Si los médicos, que están en la primera línea de batalla no cuentan con las medidas de protección, figúrense la situación de los obreros. Es mejor prepararse bien, sin tanta prisa, que lamentar después. Si en quince días la curva asciende, todos volverán a casa, las empresas y constructoras cerrarán nuevamente, el sistema hospitalario colapsará y los hornos crematorios no darán abasto.

Regular el reinicio de la gigante economía, en las actuales circunstancias, no es como “soplar y hacer botellas”. Las autoridades locales y la Policía, recibieron una verdadera “papa caliente” que no es fácil de sortear. Controlarlo todo y a todos, cuando hasta el vendedor de bicicletas y de lotería saldrá a la calle, es un imposible.

Las pérdidas humanas y económicas, son incalculables e inevitables, y la reactivación económica irreversible.
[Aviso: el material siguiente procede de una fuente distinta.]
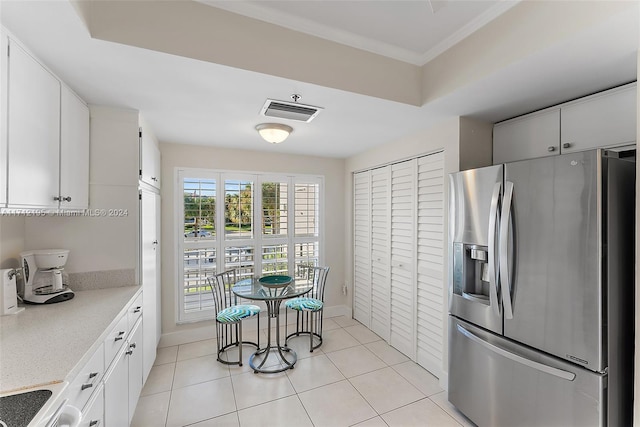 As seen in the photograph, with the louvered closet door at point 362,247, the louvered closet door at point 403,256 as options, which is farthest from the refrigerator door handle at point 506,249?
the louvered closet door at point 362,247

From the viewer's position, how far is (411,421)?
1.99m

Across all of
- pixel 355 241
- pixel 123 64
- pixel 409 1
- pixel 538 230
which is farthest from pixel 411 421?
pixel 123 64

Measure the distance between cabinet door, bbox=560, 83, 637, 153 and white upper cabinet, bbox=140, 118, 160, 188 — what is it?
3.07 metres

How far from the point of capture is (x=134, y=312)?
1.90 metres

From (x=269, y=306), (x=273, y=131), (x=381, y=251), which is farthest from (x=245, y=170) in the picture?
(x=381, y=251)

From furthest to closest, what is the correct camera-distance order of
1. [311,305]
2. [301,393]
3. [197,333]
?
1. [197,333]
2. [311,305]
3. [301,393]

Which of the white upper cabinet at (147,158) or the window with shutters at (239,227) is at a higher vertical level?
the white upper cabinet at (147,158)

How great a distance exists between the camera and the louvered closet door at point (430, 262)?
247 centimetres

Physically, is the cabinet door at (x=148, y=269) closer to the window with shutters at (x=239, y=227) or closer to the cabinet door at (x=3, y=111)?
the window with shutters at (x=239, y=227)

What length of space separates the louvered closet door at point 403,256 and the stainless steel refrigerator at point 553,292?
91 cm

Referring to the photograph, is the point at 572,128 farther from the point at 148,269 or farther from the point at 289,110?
the point at 148,269

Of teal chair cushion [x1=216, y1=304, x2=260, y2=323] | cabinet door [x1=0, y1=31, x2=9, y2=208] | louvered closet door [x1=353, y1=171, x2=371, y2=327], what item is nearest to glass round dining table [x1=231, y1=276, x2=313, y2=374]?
teal chair cushion [x1=216, y1=304, x2=260, y2=323]

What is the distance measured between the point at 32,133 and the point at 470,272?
8.74 feet

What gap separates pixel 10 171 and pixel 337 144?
2.59 metres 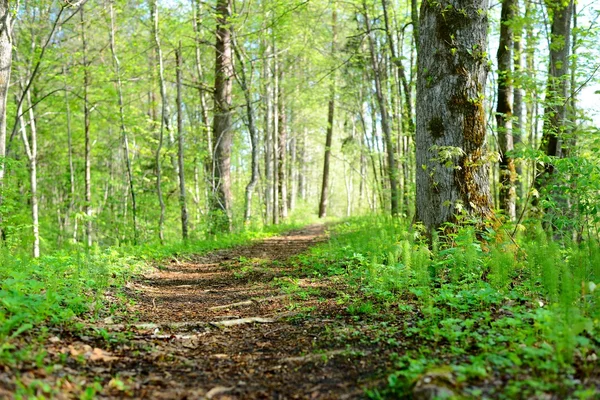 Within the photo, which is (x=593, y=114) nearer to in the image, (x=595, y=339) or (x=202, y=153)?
(x=595, y=339)

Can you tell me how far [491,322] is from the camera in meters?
3.26

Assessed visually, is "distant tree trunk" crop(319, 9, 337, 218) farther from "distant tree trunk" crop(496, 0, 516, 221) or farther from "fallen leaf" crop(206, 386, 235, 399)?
"fallen leaf" crop(206, 386, 235, 399)

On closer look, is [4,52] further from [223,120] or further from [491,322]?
[491,322]

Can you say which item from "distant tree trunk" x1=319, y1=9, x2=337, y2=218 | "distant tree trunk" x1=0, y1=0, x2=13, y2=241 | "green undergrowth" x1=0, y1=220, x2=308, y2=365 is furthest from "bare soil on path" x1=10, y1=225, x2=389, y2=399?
"distant tree trunk" x1=319, y1=9, x2=337, y2=218

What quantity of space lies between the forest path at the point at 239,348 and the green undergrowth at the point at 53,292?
1.13 feet

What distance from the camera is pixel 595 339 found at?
9.34 feet

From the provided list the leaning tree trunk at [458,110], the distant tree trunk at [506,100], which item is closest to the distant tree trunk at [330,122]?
the distant tree trunk at [506,100]

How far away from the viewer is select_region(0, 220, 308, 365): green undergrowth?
2955 mm

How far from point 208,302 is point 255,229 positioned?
9.96m

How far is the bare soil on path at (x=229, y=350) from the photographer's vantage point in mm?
2760

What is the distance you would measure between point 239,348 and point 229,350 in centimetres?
8

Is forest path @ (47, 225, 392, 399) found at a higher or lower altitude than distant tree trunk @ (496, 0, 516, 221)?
lower

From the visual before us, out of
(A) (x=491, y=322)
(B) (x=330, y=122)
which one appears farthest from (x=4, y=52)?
(B) (x=330, y=122)

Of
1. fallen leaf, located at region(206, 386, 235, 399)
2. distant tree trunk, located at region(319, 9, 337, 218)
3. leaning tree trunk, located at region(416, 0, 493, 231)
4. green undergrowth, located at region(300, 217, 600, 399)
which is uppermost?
distant tree trunk, located at region(319, 9, 337, 218) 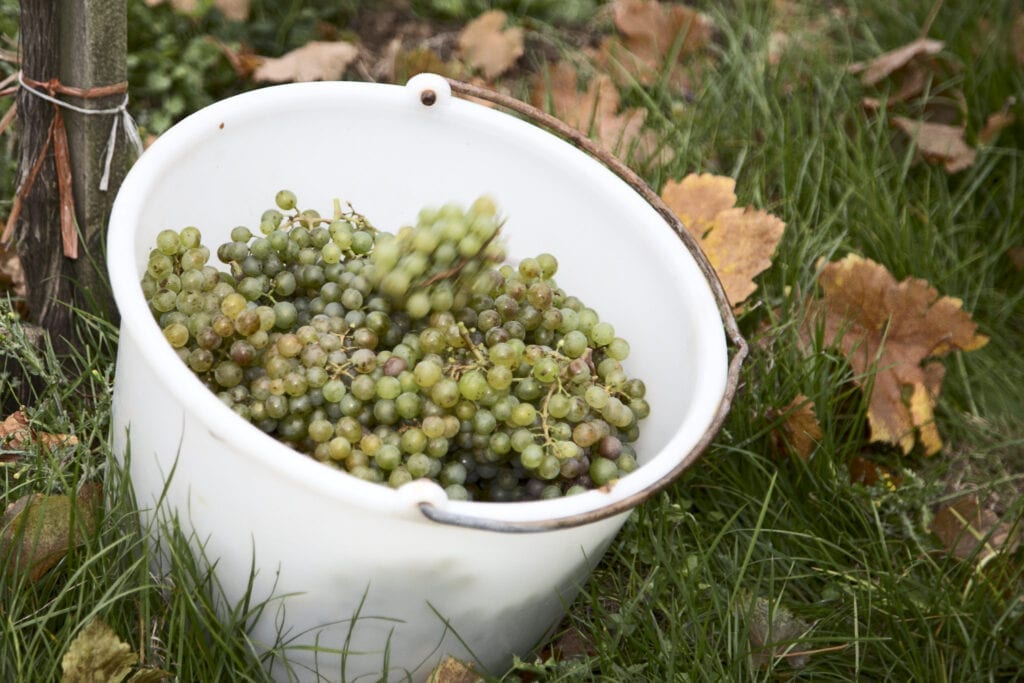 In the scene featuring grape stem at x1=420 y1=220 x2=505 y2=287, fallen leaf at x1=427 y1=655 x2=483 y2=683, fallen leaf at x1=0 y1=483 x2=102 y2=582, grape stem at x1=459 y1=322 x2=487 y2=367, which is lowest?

Debemos alcanzar un equilibrio entre lo económico, lo social y la preservación de la vida y la salud pública, con sublimes, inspeccionables y alcanzables medidas intermedias entre el aislamiento drástico y las libertades amplias.

En este “sálvese quien pueda”, sobrevive el que se cuida. Esta crisis sanitaria exige una gran responsabilidad individual que debemos sobrentender, en medio de tantos afanes, presiones y necesidades; el verdadero aislamiento inteligente lo hacemos nosotros mismos. La situación ideal podría ser otra, con condiciones más generosas, pero esta fue la que nos tocó.